The study investigates the role of the Tamil language in the temple, the types of language practices that the second generation employ in the space, and the relevance of the Tamil language and Hindu religion in the lives of second-generation devotees. It provides an insight into how migrant youth skilfully use their heritage language and English to achieve communication and index their hybrid identifications as they grow up in Anglo-dominant, multicultural Australia. It also highlights the important role played by the temple in supporting these migrants.
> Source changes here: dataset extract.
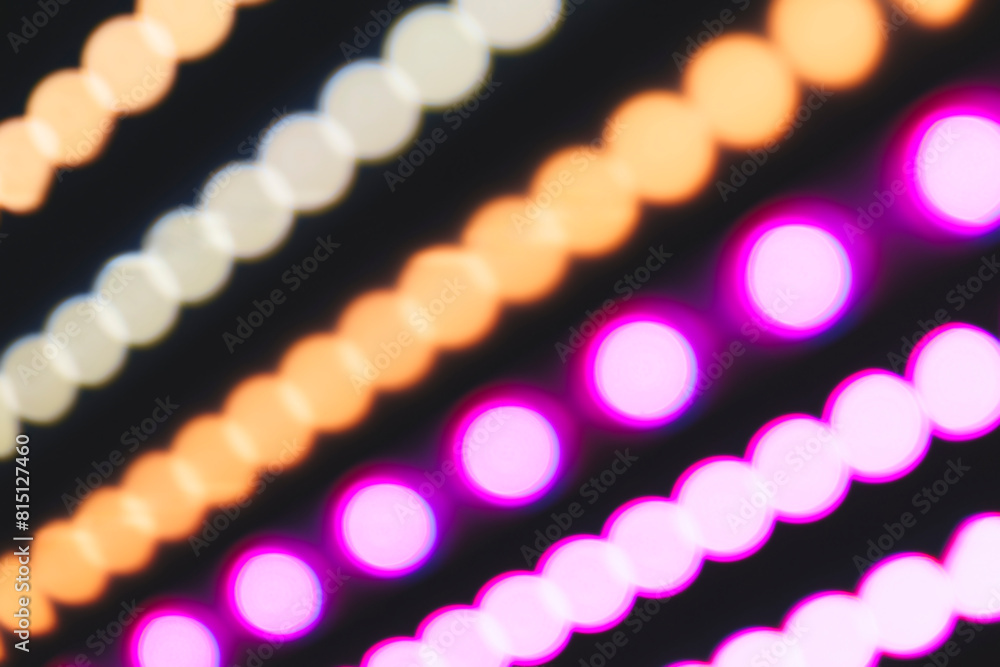 Poster A series of colorful lights are displayed in a row. The lights are in different colors and are arranged in a way that creates a sense of movement and energy. Scene is vibrant and dynamic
At a macro-level, this study shows how the temple, as a religious institution, not only provides a space for Hindu worship, but one for socialising, cultural identification and the transmission of language, religion and culture. In Sri Lanka the Tamil language and Hindu religion are closely linked in a Tamil Hindu culture and this strong language-religion ideology is reflected in the language practices of the temple. However, in the Australian setting, the temple faces sociocultural change including an increasingly ethnically and linguistically diverse congregation and disengagement by the second generation. Therefore there is a tension between the extent to which the temple remains linked to its Tamil identity and to which it must change its policies to accommodate those who do not speak Tamil.

On the micro-level, as an insight into language practices for the second generation, the thesis focuses on one class in the temple’s Tamil-medium religious school. Naturalistic linguistic data collected from a small class of teenage devotees reveals that translanguaging is the usual code for interactions. While English is dominant in the students’ lives, practices in the classroom show that approximately 30 per cent of their speech contains Tamil, thus evidencing the language-religion ideology being transmitted to the next generation. English and Tamil features perform particular but also overlapping functions in the classroom. The students and teacher create a safe space where they can use their individual repertoires to explore and challenge their beliefs and positions in terms of their heritage culture and religion. Through the analysis of selected linguistic extracts, the multicompetence, creativity, criticality, cooperation and subversion of the students is evident in their language use.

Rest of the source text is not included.